## Material for this task
━━━━━━━━━━━━━━━━━━━━

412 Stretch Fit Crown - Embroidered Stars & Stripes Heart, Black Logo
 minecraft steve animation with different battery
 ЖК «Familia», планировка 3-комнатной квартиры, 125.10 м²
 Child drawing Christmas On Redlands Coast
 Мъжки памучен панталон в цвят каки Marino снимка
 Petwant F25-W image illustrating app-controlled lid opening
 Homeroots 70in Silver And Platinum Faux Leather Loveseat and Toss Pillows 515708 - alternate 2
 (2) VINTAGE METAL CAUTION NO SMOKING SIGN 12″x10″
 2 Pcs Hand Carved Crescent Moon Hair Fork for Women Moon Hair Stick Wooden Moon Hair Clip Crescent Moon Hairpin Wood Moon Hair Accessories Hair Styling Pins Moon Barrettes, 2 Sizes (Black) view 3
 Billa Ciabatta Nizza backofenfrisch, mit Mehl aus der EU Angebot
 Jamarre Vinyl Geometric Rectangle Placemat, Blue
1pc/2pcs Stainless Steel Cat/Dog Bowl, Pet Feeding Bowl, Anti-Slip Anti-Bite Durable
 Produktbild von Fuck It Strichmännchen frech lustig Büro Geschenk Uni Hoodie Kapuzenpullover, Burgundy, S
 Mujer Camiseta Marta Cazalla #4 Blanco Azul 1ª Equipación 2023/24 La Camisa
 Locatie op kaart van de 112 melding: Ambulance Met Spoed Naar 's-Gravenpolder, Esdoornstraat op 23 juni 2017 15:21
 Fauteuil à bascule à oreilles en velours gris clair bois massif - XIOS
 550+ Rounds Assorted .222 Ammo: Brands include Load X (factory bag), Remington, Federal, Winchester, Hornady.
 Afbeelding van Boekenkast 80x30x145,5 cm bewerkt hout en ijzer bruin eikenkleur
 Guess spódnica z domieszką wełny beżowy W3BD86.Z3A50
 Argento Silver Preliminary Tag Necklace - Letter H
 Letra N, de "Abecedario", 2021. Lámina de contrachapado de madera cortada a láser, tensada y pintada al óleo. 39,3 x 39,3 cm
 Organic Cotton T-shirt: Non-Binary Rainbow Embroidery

━━━━━━━━━━━━━━━━━━━━

Please repeat all the records above exactly as they appear.

## Solution to this exercise
412 Stretch Fit Crown - Embroidered Stars & Stripes Heart, Black Logo
 minecraft steve animation with different battery
 ЖК «Familia», планировка 3-комнатной квартиры, 125.10 м²
 Child drawing Christmas On Redlands Coast
 Мъжки памучен панталон в цвят каки Marino снимка
 Petwant F25-W image illustrating app-controlled lid opening
 Homeroots 70in Silver And Platinum Faux Leather Loveseat and Toss Pillows 515708 - alternate 2
 (2) VINTAGE METAL CAUTION NO SMOKING SIGN 12″x10″
 2 Pcs Hand Carved Crescent Moon Hair Fork for Women Moon Hair Stick Wooden Moon Hair Clip Crescent Moon Hairpin Wood Moon Hair Accessories Hair Styling Pins Moon Barrettes, 2 Sizes (Black) view 3
 Billa Ciabatta Nizza backofenfrisch, mit Mehl aus der EU Angebot
 Jamarre Vinyl Geometric Rectangle Placemat, Blue
1pc/2pcs Stainless Steel Cat/Dog Bowl, Pet Feeding Bowl, Anti-Slip Anti-Bite Durable
 Produktbild von Fuck It Strichmännchen frech lustig Büro Geschenk Uni Hoodie Kapuzenpullover, Burgundy, S
 Mujer Camiseta Marta Cazalla #4 Blanco Azul 1ª Equipación 2023/24 La Camisa
 Locatie op kaart van de 112 melding: Ambulance Met Spoed Naar 's-Gravenpolder, Esdoornstraat op 23 juni 2017 15:21
 Fauteuil à bascule à oreilles en velours gris clair bois massif - XIOS
 550+ Rounds Assorted .222 Ammo: Brands include Load X (factory bag), Remington, Federal, Winchester, Hornady.
 Afbeelding van Boekenkast 80x30x145,5 cm bewerkt hout en ijzer bruin eikenkleur
 Guess spódnica z domieszką wełny beżowy W3BD86.Z3A50
 Argento Silver Preliminary Tag Necklace - Letter H
 Letra N, de "Abecedario", 2021. Lámina de contrachapado de madera cortada a láser, tensada y pintada al óleo. 39,3 x 39,3 cm
 Organic Cotton T-shirt: Non-Binary Rainbow Embroidery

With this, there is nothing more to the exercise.